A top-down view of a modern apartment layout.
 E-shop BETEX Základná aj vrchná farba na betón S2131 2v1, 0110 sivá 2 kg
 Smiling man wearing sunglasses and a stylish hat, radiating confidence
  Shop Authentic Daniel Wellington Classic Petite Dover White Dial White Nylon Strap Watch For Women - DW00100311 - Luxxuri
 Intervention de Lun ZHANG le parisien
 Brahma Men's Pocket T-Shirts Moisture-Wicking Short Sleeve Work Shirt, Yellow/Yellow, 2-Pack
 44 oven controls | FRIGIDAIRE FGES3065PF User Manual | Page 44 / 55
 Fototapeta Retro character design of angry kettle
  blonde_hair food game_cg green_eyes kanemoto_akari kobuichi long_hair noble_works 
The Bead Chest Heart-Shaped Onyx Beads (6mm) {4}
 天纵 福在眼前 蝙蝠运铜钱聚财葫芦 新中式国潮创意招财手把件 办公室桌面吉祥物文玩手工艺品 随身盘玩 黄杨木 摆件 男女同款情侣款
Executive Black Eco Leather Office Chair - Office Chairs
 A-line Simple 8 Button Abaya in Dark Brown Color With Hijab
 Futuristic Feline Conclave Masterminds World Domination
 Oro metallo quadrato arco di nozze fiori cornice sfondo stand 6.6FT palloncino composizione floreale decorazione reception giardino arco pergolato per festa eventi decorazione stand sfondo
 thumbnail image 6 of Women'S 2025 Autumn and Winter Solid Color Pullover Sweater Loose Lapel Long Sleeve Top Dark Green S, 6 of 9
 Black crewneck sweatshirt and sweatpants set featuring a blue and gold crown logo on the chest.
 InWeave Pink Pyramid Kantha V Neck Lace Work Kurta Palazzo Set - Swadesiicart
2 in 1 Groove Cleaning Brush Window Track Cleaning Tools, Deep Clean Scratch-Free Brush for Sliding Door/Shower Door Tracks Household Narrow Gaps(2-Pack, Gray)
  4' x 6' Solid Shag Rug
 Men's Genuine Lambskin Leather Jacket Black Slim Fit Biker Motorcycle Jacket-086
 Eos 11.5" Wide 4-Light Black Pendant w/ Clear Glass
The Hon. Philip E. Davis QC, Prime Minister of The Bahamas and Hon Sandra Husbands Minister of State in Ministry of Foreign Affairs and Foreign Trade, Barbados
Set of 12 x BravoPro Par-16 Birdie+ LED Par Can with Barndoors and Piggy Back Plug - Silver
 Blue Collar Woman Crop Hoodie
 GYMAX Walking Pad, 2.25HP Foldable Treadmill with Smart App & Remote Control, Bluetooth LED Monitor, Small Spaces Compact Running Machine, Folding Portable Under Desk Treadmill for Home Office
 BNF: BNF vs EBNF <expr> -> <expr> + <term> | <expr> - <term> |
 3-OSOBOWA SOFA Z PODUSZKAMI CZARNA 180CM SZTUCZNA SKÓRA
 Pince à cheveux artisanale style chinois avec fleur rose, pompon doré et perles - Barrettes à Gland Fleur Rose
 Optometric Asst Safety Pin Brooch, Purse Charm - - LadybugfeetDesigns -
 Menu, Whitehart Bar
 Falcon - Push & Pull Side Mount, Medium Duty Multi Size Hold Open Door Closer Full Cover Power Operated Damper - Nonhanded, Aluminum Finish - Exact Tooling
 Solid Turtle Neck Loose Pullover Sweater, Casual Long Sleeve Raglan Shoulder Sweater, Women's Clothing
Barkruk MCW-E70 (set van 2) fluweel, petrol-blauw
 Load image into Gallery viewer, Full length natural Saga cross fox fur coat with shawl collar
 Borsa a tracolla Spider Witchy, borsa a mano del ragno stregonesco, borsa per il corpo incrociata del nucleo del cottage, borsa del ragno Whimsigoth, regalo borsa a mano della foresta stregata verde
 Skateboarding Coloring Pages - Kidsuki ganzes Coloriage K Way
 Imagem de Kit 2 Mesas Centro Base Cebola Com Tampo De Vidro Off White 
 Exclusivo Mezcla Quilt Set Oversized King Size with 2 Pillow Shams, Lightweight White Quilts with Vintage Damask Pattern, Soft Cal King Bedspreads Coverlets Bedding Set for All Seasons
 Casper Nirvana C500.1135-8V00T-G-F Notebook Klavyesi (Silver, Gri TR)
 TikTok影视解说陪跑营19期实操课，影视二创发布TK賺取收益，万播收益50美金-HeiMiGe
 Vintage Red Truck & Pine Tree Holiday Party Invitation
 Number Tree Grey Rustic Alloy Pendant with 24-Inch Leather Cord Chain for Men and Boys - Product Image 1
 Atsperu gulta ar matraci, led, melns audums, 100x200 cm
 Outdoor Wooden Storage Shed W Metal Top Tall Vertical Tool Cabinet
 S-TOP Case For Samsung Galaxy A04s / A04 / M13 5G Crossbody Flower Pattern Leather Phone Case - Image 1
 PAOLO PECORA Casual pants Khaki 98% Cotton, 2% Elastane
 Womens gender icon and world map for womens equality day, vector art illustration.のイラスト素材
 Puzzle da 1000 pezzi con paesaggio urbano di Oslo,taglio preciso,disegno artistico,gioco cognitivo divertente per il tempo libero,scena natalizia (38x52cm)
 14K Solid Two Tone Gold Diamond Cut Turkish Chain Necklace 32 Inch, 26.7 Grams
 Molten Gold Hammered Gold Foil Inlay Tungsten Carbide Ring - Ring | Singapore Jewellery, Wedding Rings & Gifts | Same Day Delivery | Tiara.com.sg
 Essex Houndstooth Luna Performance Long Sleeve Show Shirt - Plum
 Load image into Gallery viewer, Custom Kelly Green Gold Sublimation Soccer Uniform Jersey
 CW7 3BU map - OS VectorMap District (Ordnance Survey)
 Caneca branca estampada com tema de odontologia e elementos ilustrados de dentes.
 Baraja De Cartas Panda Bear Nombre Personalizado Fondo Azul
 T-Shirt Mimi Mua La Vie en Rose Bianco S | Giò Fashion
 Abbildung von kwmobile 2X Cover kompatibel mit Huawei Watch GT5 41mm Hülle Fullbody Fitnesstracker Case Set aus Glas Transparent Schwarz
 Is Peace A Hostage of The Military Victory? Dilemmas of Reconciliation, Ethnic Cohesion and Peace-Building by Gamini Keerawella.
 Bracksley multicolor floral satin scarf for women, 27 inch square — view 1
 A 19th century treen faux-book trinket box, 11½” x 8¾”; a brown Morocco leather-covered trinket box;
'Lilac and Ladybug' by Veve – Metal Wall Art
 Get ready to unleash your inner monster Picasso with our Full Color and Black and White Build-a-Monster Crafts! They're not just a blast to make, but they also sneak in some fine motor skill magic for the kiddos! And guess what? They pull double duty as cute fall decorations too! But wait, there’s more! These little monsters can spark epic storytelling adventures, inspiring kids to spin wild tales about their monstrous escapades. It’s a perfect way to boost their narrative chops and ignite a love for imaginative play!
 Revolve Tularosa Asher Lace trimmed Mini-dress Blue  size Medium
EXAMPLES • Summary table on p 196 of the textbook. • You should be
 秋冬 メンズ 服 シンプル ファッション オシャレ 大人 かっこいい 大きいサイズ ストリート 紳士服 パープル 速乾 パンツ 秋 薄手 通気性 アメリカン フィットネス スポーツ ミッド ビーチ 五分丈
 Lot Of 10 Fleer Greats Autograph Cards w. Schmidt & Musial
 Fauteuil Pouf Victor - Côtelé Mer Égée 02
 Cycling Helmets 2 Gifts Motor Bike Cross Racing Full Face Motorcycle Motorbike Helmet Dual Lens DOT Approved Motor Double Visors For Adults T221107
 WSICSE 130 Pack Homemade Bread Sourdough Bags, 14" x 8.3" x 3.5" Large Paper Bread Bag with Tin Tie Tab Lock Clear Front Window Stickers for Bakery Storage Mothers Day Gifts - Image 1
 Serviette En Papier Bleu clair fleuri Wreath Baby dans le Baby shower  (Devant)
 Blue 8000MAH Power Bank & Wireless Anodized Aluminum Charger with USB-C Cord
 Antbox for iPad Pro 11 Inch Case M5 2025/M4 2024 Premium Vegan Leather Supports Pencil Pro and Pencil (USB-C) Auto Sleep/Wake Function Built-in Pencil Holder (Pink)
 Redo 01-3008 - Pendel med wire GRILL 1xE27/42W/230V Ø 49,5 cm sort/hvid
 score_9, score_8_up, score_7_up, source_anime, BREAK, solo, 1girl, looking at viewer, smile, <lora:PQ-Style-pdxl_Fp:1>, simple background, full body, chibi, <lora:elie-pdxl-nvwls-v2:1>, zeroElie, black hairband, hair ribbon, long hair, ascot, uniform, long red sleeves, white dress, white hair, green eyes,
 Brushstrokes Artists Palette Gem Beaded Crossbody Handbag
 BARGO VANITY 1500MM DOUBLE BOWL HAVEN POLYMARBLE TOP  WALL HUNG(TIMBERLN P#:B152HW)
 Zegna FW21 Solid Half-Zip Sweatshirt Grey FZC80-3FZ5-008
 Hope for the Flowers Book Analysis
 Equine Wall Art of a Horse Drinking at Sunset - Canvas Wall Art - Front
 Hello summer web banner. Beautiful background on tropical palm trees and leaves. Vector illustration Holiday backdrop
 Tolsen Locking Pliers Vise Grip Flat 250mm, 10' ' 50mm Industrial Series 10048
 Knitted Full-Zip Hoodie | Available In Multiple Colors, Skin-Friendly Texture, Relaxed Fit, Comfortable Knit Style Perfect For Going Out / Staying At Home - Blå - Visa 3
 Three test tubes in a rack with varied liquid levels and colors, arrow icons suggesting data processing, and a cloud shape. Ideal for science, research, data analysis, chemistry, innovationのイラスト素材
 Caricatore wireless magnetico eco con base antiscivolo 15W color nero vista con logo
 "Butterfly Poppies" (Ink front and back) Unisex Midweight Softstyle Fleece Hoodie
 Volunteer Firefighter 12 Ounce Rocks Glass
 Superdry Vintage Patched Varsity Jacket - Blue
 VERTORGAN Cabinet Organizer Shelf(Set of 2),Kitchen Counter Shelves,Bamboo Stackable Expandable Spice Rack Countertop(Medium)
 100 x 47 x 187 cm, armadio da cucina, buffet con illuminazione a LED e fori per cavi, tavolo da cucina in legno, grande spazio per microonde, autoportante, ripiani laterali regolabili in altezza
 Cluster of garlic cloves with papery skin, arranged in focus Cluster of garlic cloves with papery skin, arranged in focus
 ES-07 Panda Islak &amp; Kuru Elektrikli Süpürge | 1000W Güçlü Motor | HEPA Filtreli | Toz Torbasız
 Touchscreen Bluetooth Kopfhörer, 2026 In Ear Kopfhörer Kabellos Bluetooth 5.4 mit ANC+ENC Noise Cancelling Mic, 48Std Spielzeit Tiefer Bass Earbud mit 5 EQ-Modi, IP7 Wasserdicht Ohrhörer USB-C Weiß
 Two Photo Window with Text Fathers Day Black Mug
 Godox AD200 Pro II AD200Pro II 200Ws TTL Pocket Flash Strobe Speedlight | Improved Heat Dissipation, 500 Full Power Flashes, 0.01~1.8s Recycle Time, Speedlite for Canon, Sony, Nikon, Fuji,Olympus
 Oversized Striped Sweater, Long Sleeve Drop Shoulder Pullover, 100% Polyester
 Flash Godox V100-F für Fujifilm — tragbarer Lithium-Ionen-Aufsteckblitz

ASSIGNMENT –
Go through the entries above and copy every line containing "Silver".

EXERCISE RESPONSE –
Set of 12 x BravoPro Par-16 Birdie+ LED Par Can with Barndoors and Piggy Back Plug - Silver
 Casper Nirvana C500.1135-8V00T-G-F Notebook Klavyesi (Silver, Gri TR)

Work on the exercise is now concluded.